> **PROBLEM STATEMENT**: When you reach the line that contains "Doorway to property", begin copying exactly and continue through the last line below. Do not copy pictures.

> **INPUT DATA**:
§ §

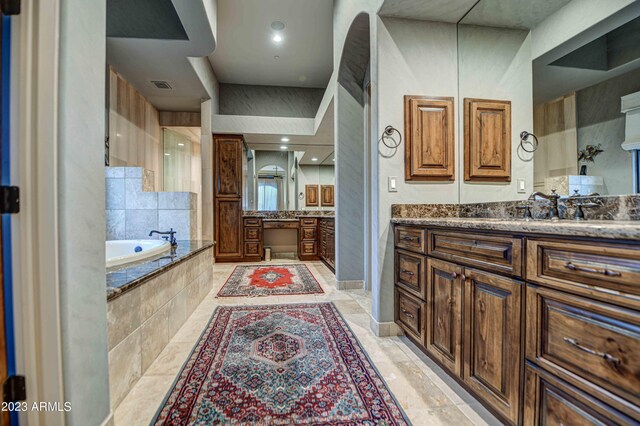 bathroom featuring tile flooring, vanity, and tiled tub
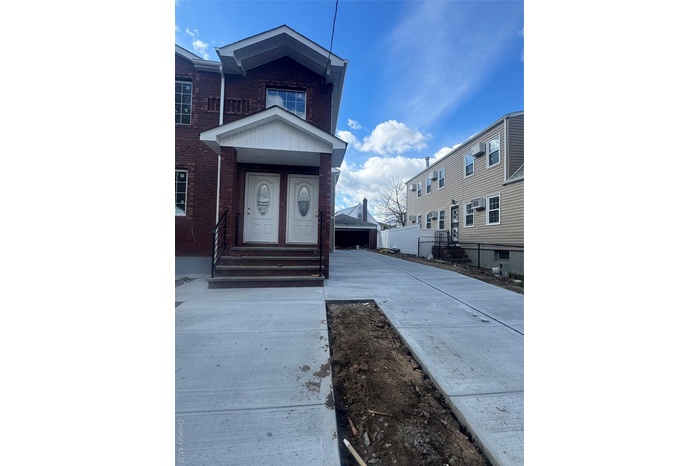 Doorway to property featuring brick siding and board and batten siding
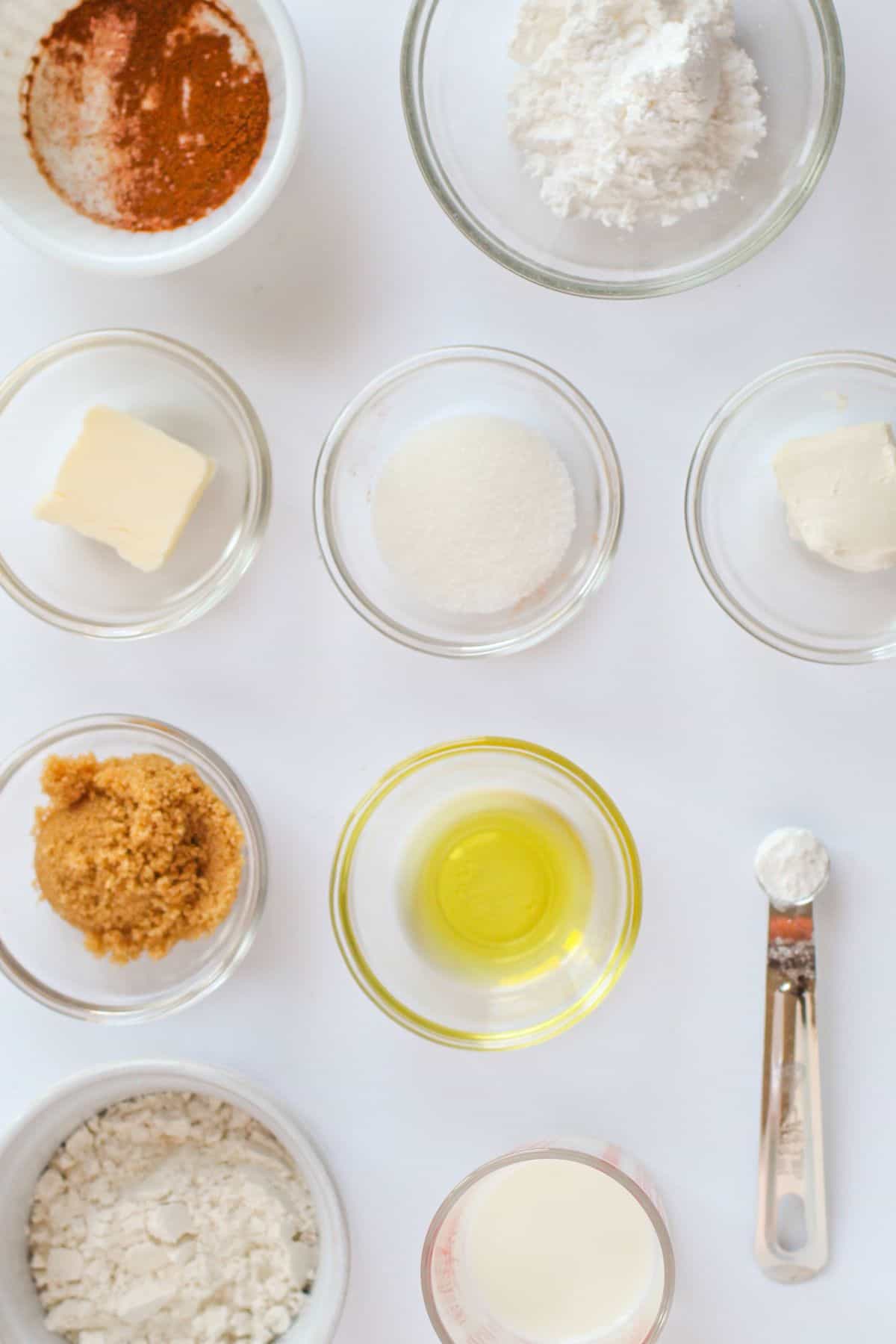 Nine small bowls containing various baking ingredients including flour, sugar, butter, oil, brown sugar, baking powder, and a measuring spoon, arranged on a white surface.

§ §

> **SOLUTION FOR THIS EXERCISE**:
 Doorway to property featuring brick siding and board and batten siding
 Nine small bowls containing various baking ingredients including flour, sugar, butter, oil, brown sugar, baking powder, and a measuring spoon, arranged on a white surface.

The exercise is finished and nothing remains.